◆ **WORK ORDER**
Look through the material below and copy exactly the lines from the line with "Image 5 : 80)" to the line with "Set Clipart Halloween", those two lines included.

◆ **DATA SUPPLIED**

☆ ☆ ☆ ☆ ☆

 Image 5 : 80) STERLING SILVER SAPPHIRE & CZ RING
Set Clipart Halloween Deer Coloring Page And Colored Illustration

☆ ☆ ☆ ☆ ☆

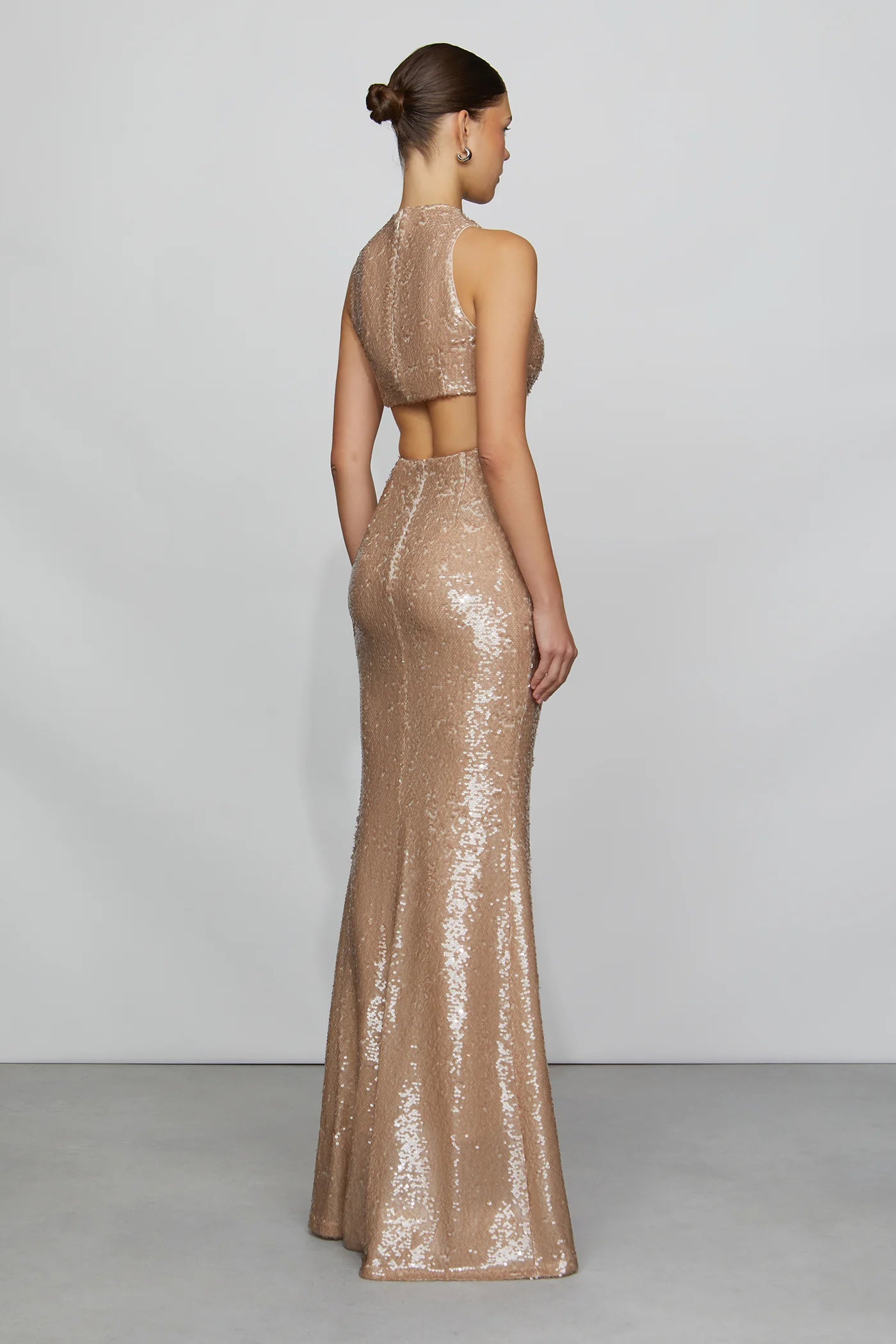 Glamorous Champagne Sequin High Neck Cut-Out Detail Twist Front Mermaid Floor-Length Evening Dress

☆ ☆ ☆ ☆ ☆

◆ **YOUR SOLUTION**
 Image 5 : 80) STERLING SILVER SAPPHIRE & CZ RING
Set Clipart Halloween Deer Coloring Page And Colored Illustration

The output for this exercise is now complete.